A filosofia é um dos mais ricos campos de conhecimento. Uma das suas áreas de pesquisa avalia os efeitos que algumas teorias provocam nos seres humanos ao serem seguidas por um grande número de pessoas. Estudada por Edmund Husserl, a fenomenologia mostra como isso ocorre, de forma clara, no setor elétrico. Essa metodologia estuda como as coisas surgem e se manifestam, mas não explica o fenômeno em si.
A cadeia de eventos que levou à necessidade de modernização do setor elétrico é simples. Primeiro, foi identificado o aquecimento do planeta e a necessidade de conter essa tendência. Segundo, as grandes potências estabeleceram a meta de eliminar as emissões de carbono até 2050. No terceiro ato, países começaram a adotar medidas em prol da descarbonização. E, por fim, o Brasil passou a integrar esse elo mundial. Essa é a versão conhecida da história.
Convido o leitor a acompanhar alguns equívocos que os seguidores da cadeia de Husserl podem chegar. No setor elétrico, é fundamental verificar as diferenças nos sistemas de cada país e quanto contribuem para as emissões de CO2. A maioria dos países partiu de uma matriz elétrica com 70% das usinas movidas a combustíveis fósseis; e 30% (quando muito), de renováveis. Após investimentos em modernização, alguns países elevaram suas capacidades verdes para 50% a 60%; e têm como meta chegar a 95% ou 100% em 2050.
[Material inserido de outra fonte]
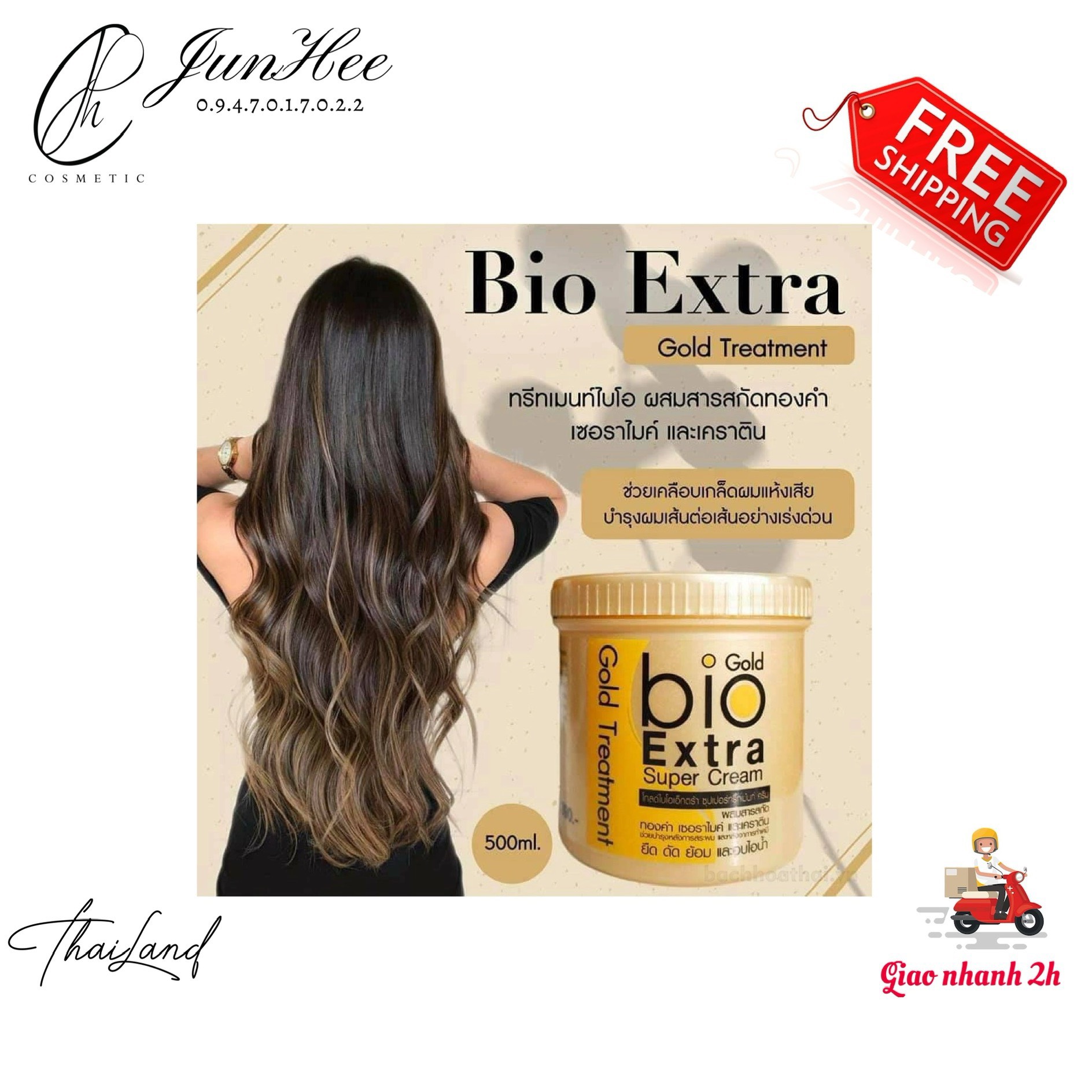 [JunHee AUTH ] Hũ Ủ tóc Bio Gold Extra 500ml Thái Lan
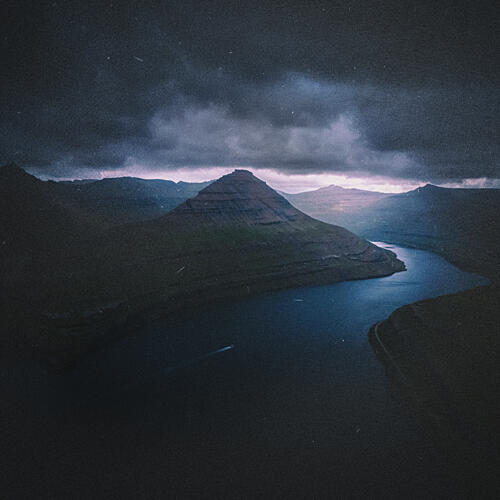 Twilight Mountain Fjord Art Print by Larry Deng Apa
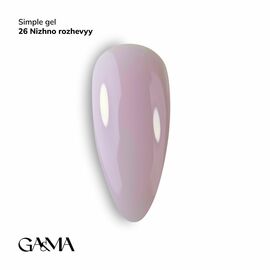 GaMa Simple gel #26 Pale Pink, ніжно-рожевий, 30 ml, гель без опилу #1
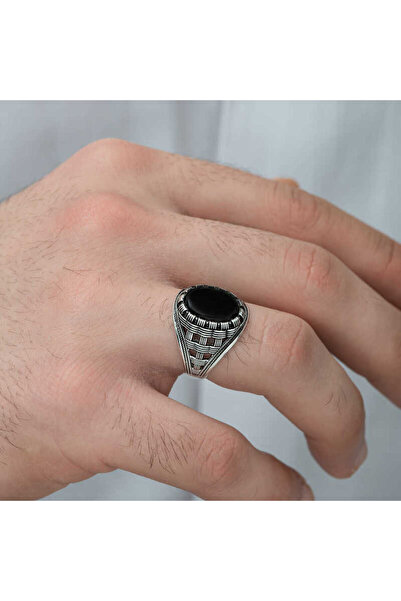 BlackCraft ​ Silver Onyx Stone Braided Pattern Men's Ring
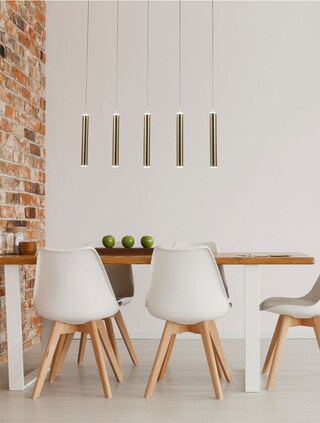 FABAS LUCE LED Balkenpendel PRADO 5-flg messingfarbig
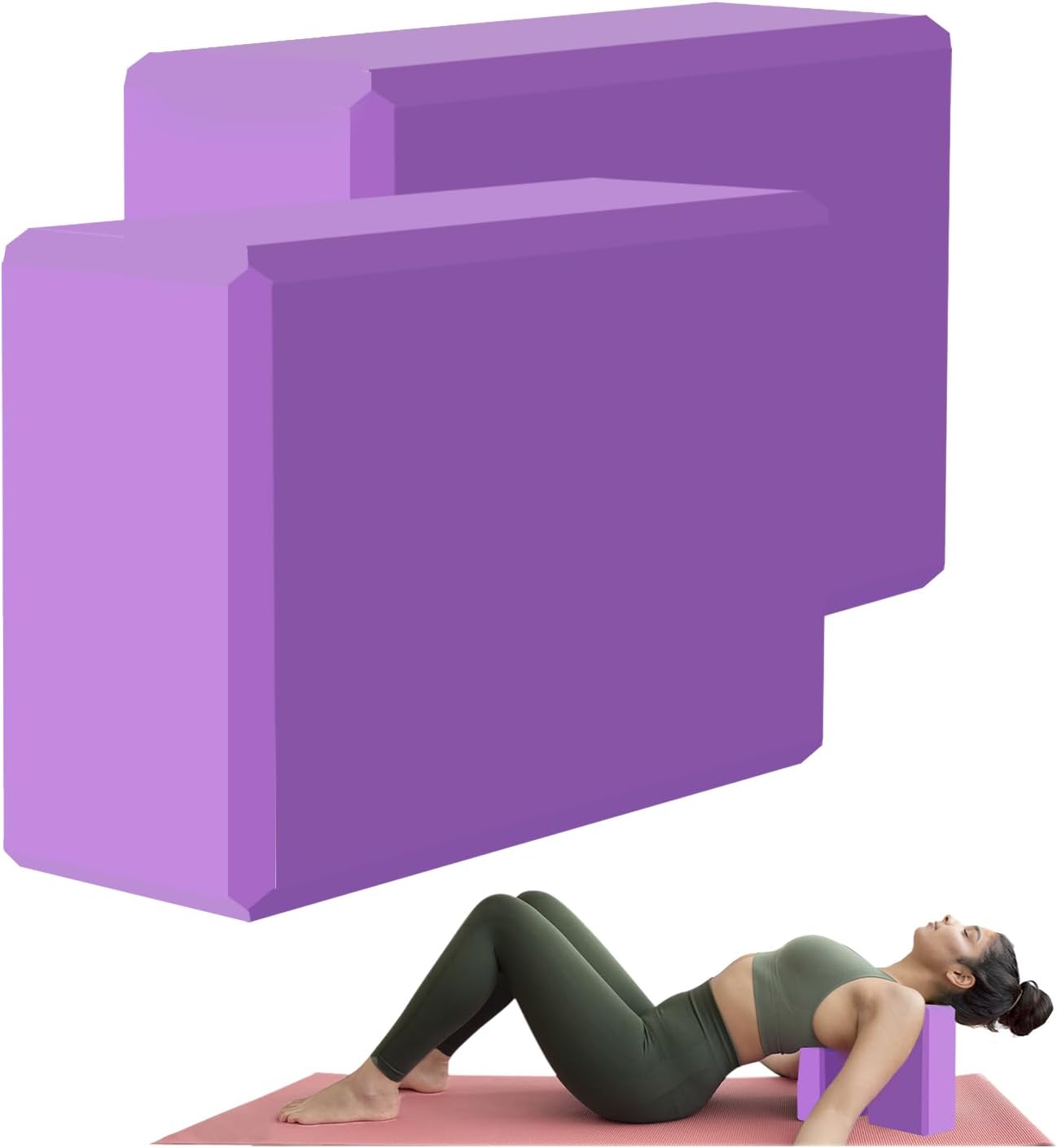 Yoga Block - Supportive Latex-Free Eva Foam - Soft Non-Slip Surface with Beveled Edges for Yoga, Pilates, Meditation - Yoga Accessories for Stability, Balance, Deepen Stretches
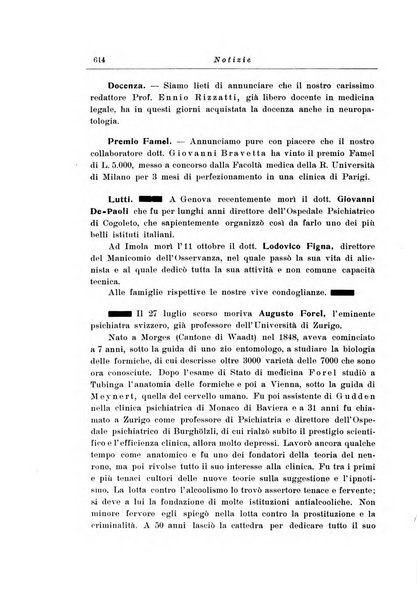 Note e riviste di psichiatria Manicomio provinciale di Pesaro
Muitas das nações que correram para realizar a transformação dos seus sistemas elétricos estão pagando um preço elevado. Seus consumidores estão sofrendo com maior incidência de blecautes e alta de preços, por exemplo. É o caso dos Estados Unidos. Em 24 de abril deste ano, o Wall Street Journal revelou que a rede de energia dos EUA estava ficando menos confiável. O número de interrupções de grande porte passou de 24, em 2000, para 180, em 2020.
A partir de 2013, o governo passou a monitorar a extensão média dos desligamentos. Em 2013, consumidor ficou sem energia por, em média, quatro horas; e em 2020, por oito horas. O crescimento desses fenômenos mostra que a segurança está se degenerando, bem como a resiliência está sendo bastante afetada, indicando que os meios para recomposição são insuficientes.
E, assim, de elo em elo da cadeia de Husserl, chegamos ao Brasil. Devido à forte presença de hidrelétricas, nossa matriz é muito diferente da matriz da maior parte do mundo. Reparem neste dado: em 2023, já atingimos 95% de geração a partir de fontes renováveis. O percentual mostra que, inexoravelmente, o Brasil já entregou sua transição energética no sistema elétrico, mesmo tendo que torcer para termos bons regimes de chuvas, além de vento e sol. Essa torcida, aliás, ocorrerá em todos os sistemas com alto nível de renováveis.
E o que nos falta? Temos que continuar cuidando para manter a confiabilidade do sistema. Estarmos prontos para garantir o abastecimento quando chuvas, vento e sol não forem suficientes. Além disso, assegurar a resiliência e a segurança, garantindo que fenômenos como apagões e blecautes não ocorram.
E aqui chegamos ao ponto. O Brasil entrou na cadeia de Husserl sem considerar suas especificidades. Repito: já em 2023, atingimos a meta que países sonham alcançar em 2050. Seguir nessa corrida — sem olhar para os lados — pode expor, ainda que involuntariamente, nosso consumidor a riscos desnecessários.
É por essas razões que insistimos em defender uma transição energética sempre baseada em três pilares: menor emissão, máxima segurança e custos mínimos. Nesse desenho, as termelétricas existentes seriam mantidas e a expansão das fontes renováveis seria feita acompanhada com pequenas acréscimos de térmicas de suporte.
Diante da importância das termelétricas para a segurança do sistema, é fundamental que essas unidades se transformem em usinas verdes. Estejam preparadas para, gradativamente, utilizar uma combinação de hidrogênio e gás natural até chegar a 100% de combustível renovável, ou adotem tecnologias de captura de carbono ou de biogás, entre outras soluções. O setor elétrico brasileiro é responsável por menos de 2% das emissões do país.
Embora a moda seja realizar transformações radicais, temos convicção de que os especialistas e os formuladores de políticas devem deixar o elo do fenômeno comum da modernização com segurança dúbia e a qualquer preço, e ingressar no elo da modernização com segurança. O Brasil precisa entender que, além de menores impactos ao meio ambiente, precisamos e devemos entregar ao consumidor confiabilidade e custos baixos.